## [TASK GOAL]
Nothing in the data is to be left out; copy it exactly.

## [THE DATA]
○ ○ ○
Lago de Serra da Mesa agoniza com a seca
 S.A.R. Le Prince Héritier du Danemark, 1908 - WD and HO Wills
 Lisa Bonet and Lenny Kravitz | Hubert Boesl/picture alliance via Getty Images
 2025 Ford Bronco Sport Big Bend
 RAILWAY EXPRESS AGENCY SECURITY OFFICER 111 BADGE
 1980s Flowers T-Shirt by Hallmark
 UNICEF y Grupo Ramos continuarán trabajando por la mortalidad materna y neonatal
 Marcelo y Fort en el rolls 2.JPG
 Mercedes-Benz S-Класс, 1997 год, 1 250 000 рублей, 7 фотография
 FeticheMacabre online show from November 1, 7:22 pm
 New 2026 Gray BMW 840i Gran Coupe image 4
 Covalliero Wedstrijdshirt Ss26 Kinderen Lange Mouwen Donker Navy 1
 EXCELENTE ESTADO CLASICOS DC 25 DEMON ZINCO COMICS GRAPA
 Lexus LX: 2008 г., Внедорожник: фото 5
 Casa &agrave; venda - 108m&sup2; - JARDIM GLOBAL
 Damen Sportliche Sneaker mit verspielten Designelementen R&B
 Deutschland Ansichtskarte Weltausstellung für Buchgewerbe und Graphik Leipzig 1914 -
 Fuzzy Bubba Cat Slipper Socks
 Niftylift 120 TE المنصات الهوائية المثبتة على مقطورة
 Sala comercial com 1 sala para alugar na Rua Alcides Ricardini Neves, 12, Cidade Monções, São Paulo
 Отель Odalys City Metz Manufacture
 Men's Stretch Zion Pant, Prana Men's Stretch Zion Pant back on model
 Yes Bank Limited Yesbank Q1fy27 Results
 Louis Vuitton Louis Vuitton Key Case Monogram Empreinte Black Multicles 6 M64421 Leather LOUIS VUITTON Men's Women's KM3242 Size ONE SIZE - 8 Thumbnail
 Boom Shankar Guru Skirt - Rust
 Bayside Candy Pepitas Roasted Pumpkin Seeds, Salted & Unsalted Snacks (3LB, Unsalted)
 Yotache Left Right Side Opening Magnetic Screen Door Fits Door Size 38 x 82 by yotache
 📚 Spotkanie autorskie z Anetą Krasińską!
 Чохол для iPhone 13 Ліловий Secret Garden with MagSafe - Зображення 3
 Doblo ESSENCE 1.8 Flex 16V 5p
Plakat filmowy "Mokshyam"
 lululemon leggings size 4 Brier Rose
○ ○ ○
## [THE COMPLETED TASK]
Lago de Serra da Mesa agoniza com a seca
 S.A.R. Le Prince Héritier du Danemark, 1908 - WD and HO Wills
 Lisa Bonet and Lenny Kravitz | Hubert Boesl/picture alliance via Getty Images
 2025 Ford Bronco Sport Big Bend
 RAILWAY EXPRESS AGENCY SECURITY OFFICER 111 BADGE
 1980s Flowers T-Shirt by Hallmark
 UNICEF y Grupo Ramos continuarán trabajando por la mortalidad materna y neonatal
 Marcelo y Fort en el rolls 2.JPG
 Mercedes-Benz S-Класс, 1997 год, 1 250 000 рублей, 7 фотография
 FeticheMacabre online show from November 1, 7:22 pm
 New 2026 Gray BMW 840i Gran Coupe image 4
 Covalliero Wedstrijdshirt Ss26 Kinderen Lange Mouwen Donker Navy 1
 EXCELENTE ESTADO CLASICOS DC 25 DEMON ZINCO COMICS GRAPA
 Lexus LX: 2008 г., Внедорожник: фото 5
 Casa &agrave; venda - 108m&sup2; - JARDIM GLOBAL
 Damen Sportliche Sneaker mit verspielten Designelementen R&B
 Deutschland Ansichtskarte Weltausstellung für Buchgewerbe und Graphik Leipzig 1914 -
 Fuzzy Bubba Cat Slipper Socks
 Niftylift 120 TE المنصات الهوائية المثبتة على مقطورة
 Sala comercial com 1 sala para alugar na Rua Alcides Ricardini Neves, 12, Cidade Monções, São Paulo
 Отель Odalys City Metz Manufacture
 Men's Stretch Zion Pant, Prana Men's Stretch Zion Pant back on model
 Yes Bank Limited Yesbank Q1fy27 Results
 Louis Vuitton Louis Vuitton Key Case Monogram Empreinte Black Multicles 6 M64421 Leather LOUIS VUITTON Men's Women's KM3242 Size ONE SIZE - 8 Thumbnail
 Boom Shankar Guru Skirt - Rust
 Bayside Candy Pepitas Roasted Pumpkin Seeds, Salted & Unsalted Snacks (3LB, Unsalted)
 Yotache Left Right Side Opening Magnetic Screen Door Fits Door Size 38 x 82 by yotache
 📚 Spotkanie autorskie z Anetą Krasińską!
 Чохол для iPhone 13 Ліловий Secret Garden with MagSafe - Зображення 3
 Doblo ESSENCE 1.8 Flex 16V 5p
Plakat filmowy "Mokshyam"
 lululemon leggings size 4 Brier Rose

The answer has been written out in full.